Give an exact copy of the lines of the records below, starting at the line containing "Zaproszenie na ślub" and running to the end.

##### Data

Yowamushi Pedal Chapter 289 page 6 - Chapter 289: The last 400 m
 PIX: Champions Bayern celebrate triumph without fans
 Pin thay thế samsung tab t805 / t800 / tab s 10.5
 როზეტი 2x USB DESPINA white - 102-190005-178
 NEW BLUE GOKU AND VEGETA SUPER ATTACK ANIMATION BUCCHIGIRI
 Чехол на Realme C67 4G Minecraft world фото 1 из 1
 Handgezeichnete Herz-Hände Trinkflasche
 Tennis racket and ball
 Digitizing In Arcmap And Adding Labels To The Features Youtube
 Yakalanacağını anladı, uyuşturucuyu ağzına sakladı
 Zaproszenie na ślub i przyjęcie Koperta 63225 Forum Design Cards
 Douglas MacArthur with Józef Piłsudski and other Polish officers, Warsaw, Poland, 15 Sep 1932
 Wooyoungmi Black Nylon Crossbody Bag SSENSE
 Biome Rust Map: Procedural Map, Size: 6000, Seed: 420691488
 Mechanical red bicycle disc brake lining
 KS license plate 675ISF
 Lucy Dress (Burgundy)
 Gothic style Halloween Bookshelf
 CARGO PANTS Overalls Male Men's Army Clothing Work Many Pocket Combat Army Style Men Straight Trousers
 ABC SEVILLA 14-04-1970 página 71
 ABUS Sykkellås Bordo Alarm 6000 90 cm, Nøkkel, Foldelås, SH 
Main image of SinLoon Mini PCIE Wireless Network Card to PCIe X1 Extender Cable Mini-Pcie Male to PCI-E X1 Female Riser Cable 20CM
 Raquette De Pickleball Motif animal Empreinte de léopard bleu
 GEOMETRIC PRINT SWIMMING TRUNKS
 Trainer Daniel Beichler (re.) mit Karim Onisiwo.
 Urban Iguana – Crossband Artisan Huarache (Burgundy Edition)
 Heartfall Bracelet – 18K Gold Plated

##########

Response area:
 Zaproszenie na ślub i przyjęcie Koperta 63225 Forum Design Cards
 Douglas MacArthur with Józef Piłsudski and other Polish officers, Warsaw, Poland, 15 Sep 1932
 Wooyoungmi Black Nylon Crossbody Bag SSENSE
 Biome Rust Map: Procedural Map, Size: 6000, Seed: 420691488
 Mechanical red bicycle disc brake lining
 KS license plate 675ISF
 Lucy Dress (Burgundy)
 Gothic style Halloween Bookshelf
 CARGO PANTS Overalls Male Men's Army Clothing Work Many Pocket Combat Army Style Men Straight Trousers
 ABC SEVILLA 14-04-1970 página 71
 ABUS Sykkellås Bordo Alarm 6000 90 cm, Nøkkel, Foldelås, SH 
Main image of SinLoon Mini PCIE Wireless Network Card to PCIe X1 Extender Cable Mini-Pcie Male to PCI-E X1 Female Riser Cable 20CM
 Raquette De Pickleball Motif animal Empreinte de léopard bleu
 GEOMETRIC PRINT SWIMMING TRUNKS
 Trainer Daniel Beichler (re.) mit Karim Onisiwo.
 Urban Iguana – Crossband Artisan Huarache (Burgundy Edition)
 Heartfall Bracelet – 18K Gold Plated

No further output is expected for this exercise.